# Google Maps for ICW



## EpicAdventure (May 18, 2006)

(I just posted this on CF -- I'm not sure where the better spot is to post this...)

As we cruised down the ICW last year, I often wished that there was a Google Maps with ICW specific information -- everything from the magenta line itself to Anchorages, West Marines, Free Docks, etc. I really wanted to be able to search and see what anchorages were there within a day of my current position that were greater than our draft. I never really found anything that I really liked so I thought that maybe I could develop something myself (maybe a big mistake!).

I have created a site that is still VERY EARLY IN THE DEVELOPMENT process: http://clearboxsolutions.com/icw I started working on it hard but have lost a little bit of steam. I would appreciate feedback from anyone to determine if it is worth continuing development effort.

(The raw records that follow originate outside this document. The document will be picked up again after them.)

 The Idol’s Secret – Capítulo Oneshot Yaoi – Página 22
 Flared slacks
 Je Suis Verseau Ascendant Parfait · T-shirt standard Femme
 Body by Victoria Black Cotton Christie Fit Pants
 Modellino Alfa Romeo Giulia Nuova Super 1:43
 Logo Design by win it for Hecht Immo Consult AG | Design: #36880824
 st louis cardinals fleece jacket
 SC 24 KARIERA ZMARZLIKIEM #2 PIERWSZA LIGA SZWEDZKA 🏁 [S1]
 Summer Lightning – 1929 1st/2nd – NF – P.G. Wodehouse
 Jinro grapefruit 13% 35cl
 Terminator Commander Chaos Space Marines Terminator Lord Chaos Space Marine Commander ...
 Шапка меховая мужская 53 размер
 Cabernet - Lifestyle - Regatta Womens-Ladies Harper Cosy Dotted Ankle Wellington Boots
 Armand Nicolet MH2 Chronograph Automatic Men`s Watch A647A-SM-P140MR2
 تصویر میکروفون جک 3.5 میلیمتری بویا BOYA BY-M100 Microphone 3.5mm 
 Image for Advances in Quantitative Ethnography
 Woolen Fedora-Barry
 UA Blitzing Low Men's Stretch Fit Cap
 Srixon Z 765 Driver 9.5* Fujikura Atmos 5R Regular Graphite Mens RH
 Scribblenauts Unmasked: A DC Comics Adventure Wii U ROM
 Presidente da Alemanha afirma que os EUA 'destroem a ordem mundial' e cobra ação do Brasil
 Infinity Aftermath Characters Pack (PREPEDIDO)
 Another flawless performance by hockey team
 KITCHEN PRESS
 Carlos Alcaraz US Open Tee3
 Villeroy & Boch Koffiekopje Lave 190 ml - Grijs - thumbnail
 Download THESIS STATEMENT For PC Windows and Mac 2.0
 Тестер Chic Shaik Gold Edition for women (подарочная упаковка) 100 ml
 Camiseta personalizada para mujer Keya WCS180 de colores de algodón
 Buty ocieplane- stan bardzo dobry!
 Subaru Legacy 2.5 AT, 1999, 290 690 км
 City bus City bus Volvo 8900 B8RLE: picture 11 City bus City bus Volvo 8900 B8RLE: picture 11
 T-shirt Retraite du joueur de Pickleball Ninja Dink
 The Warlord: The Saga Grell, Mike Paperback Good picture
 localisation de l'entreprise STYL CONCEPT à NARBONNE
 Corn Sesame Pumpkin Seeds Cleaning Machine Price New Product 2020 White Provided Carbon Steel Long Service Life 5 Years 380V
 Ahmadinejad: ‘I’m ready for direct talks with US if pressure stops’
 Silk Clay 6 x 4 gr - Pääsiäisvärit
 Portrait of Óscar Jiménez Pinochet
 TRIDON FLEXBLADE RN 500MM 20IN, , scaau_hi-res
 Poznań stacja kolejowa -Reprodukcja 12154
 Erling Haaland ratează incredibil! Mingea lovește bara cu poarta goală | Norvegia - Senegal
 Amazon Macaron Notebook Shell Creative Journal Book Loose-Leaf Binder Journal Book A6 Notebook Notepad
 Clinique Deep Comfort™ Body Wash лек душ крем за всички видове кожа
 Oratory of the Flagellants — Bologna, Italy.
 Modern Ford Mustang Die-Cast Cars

I envision it as a Wikipedia type site where users can add and modify any entries (I know that I certainly wouldn't be able to keep it up to date with everything).

It has many know issues:

* The SQL server seems to run really slowly on the service provider I'm using (GoDaddy.com). This makes the map content load fairly slowly. I have seen it take as long as 30-60 sec for the query to run that populates the magenta line!! I think this is a matter of getting a better hosting option at some point.
* It doesn't geolocate (determine where you are) right now. It always loads up at mile 0 in Norfolk.
* There is no decluttering if a lot of stuff gets added and you zoom way out.
* There is no mechanism to delete entries. I don't know how to handle this. Maybe have a link to a form that sends an email to me suggesting removal?
* I have done the development on Firefox. I have no idea if or how well it runs with other browsers. I do know that it doesn't load on my Android phone work a dang!
* Lots of features that I would like to add: Panoramio layer, online help, Android app,...

Thanks!
Mike


----------



## RonRelyea (Nov 18, 2009)

*re: google maps for icw*

have you checked out activecaptain.com ??? interactive cruising guidebook


----------



## ebs001 (May 8, 2006)

Try Skipper Bob's guides. All the work has been done. I have always used "Anchorages Along the ICW" and "Marinas Along the ICW". At a total cost of $32.00 they cannot be beat for value and they contain all the anchorages distances depths, marinas and their services, shopping. Thousands of hours went into them with in put from hundres of boaters. No need to re-invent the wheel. 
Publications available here. http://www.waterwayguide.com/shipstore/index.php?cPath=29


----------



## SVAuspicious (Oct 31, 2006)

For online material ActiveCaptain.com is the best there is, and it is great. On paper I like the Stockwell guide (much like AAA triptiks). I have the Skipper Bob guides but find I don't use them much. I do tend to avoid the ICW in favor of going outside as much as possible so my perspective may be a little unusual.


----------



## wingNwing (Apr 28, 2008)

I'm also a fan of cruisersnet.net - its crowdsourced, but moderated. Good info down the ICW. If the info was all in one place, mappable as Epic described, and didn't take too much bandwidth to download, I'd be in my happy world...


----------



## CaptainForce (Jan 1, 2006)

I like the advise above, but I would comment about your referrence to the "Magenta Line". The real world trumps the magenta line and many a cruiser has run aground on the magenta line! There are many dynamic areas of the ICW that should never have been cursed with the magenta line. Take care and jnoy, Aythya crew


----------



## EpicAdventure (May 18, 2006)

It looks like ActiveCaptain really does what I had in mind. Looks like a really nice site.


----------